### Work task
Pictures excluded, output the lines of the data below between the one holding "Velscrun Pinzas para" and the one holding "Oslo Collection by", inclusive, exactly as they stand.

### Supplied information

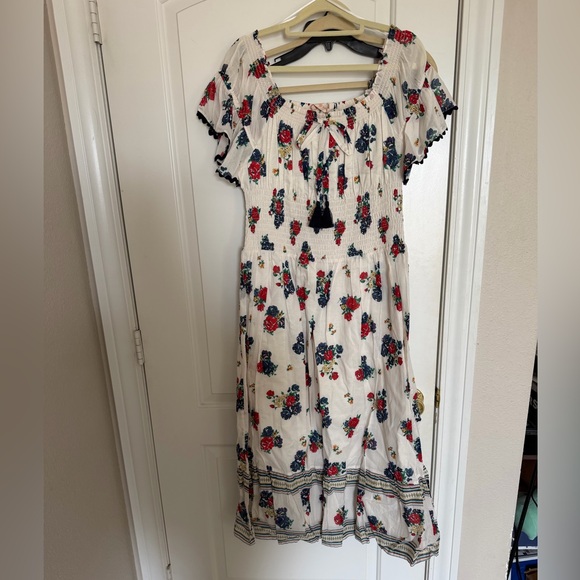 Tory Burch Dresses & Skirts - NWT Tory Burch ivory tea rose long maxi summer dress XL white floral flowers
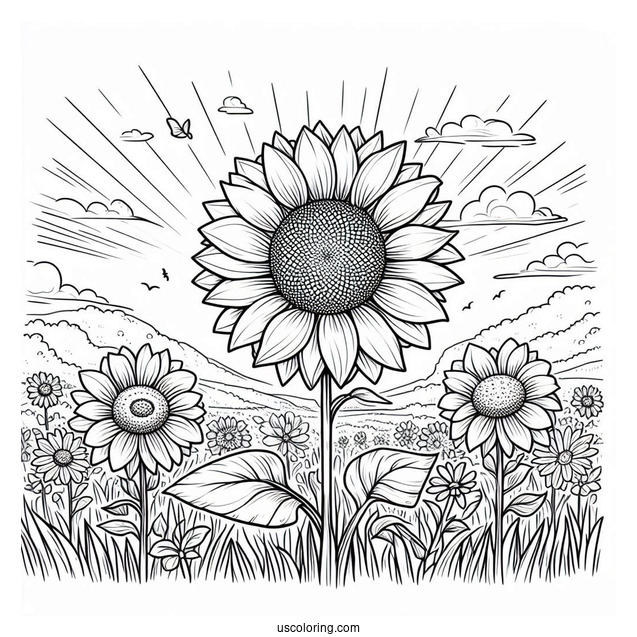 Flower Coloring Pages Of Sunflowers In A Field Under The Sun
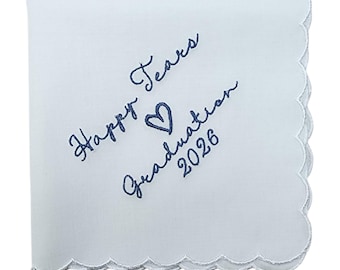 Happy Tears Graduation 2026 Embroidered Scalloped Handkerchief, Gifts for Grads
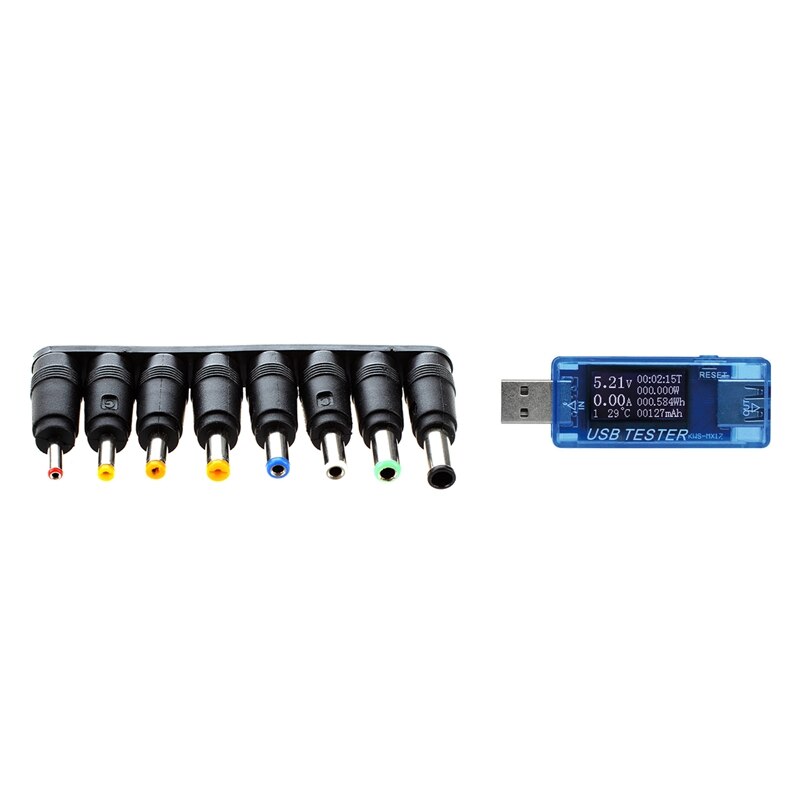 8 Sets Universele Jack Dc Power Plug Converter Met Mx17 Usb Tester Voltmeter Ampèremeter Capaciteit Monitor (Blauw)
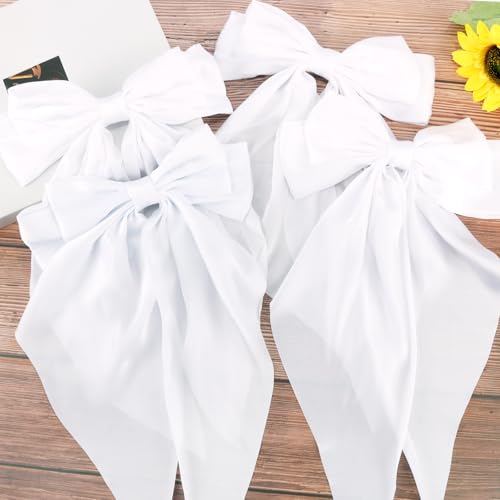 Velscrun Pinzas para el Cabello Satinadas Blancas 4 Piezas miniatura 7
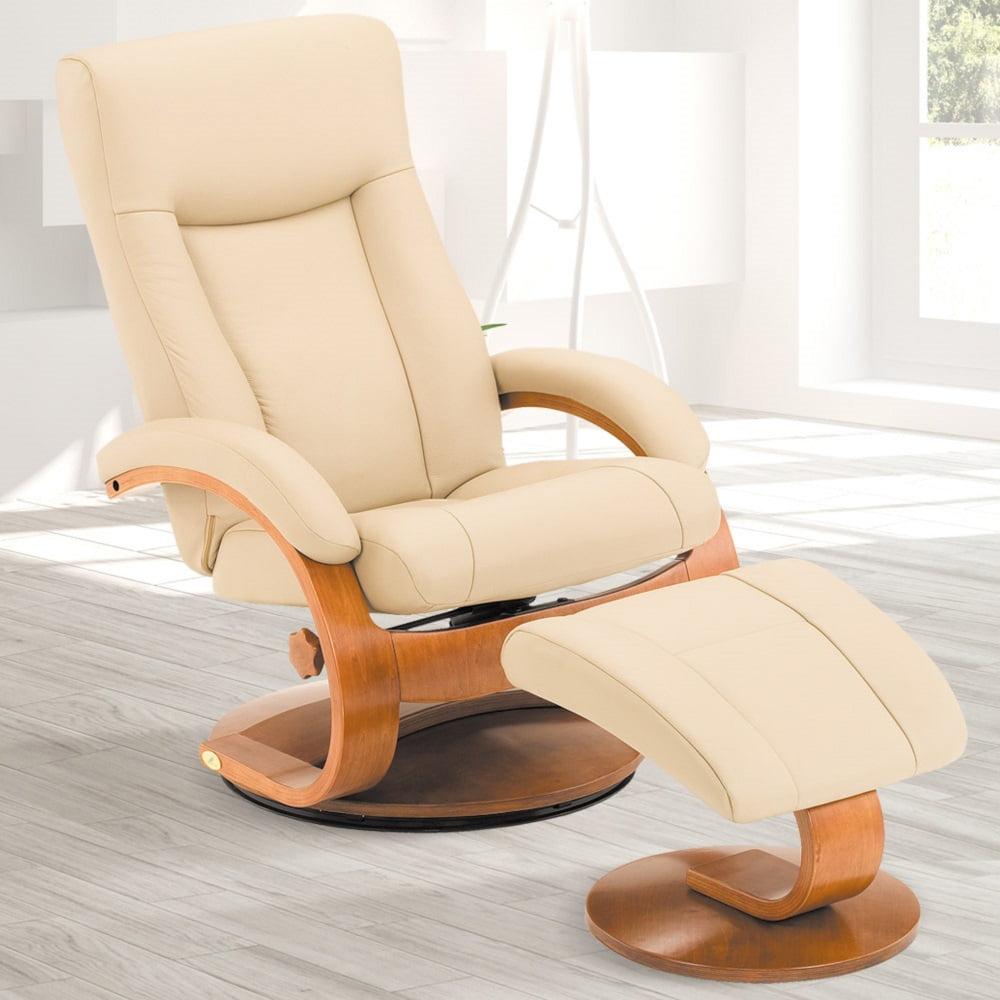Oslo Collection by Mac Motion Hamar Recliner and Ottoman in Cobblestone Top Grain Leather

---

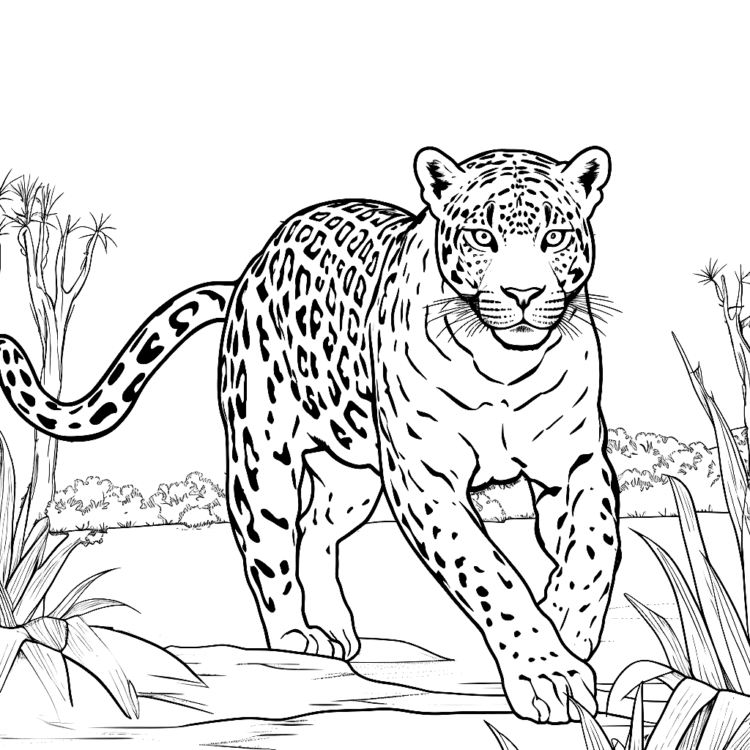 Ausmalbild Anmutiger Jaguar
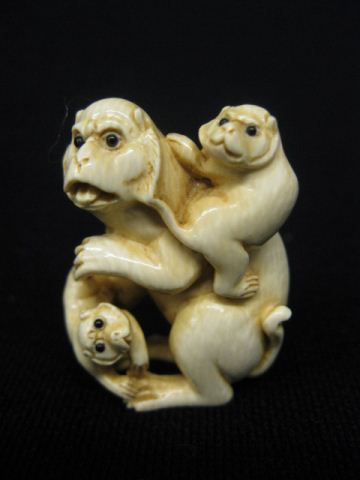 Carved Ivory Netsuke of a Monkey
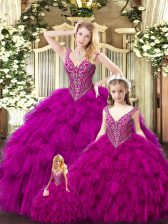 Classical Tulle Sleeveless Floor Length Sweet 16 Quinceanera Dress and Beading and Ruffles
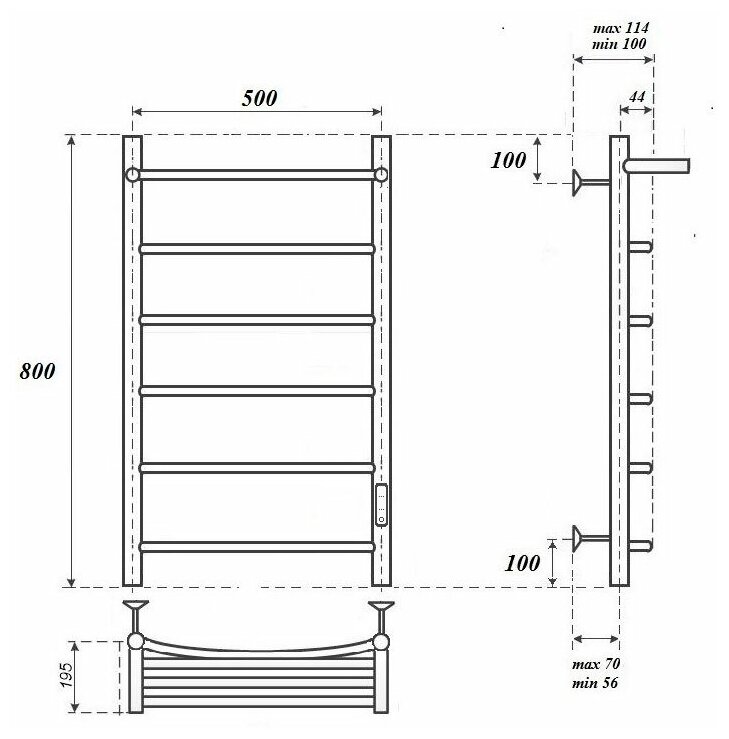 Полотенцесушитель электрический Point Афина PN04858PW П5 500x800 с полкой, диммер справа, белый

### Your solution
 Velscrun Pinzas para el Cabello Satinadas Blancas 4 Piezas miniatura 7
Oslo Collection by Mac Motion Hamar Recliner and Ottoman in Cobblestone Top Grain Leather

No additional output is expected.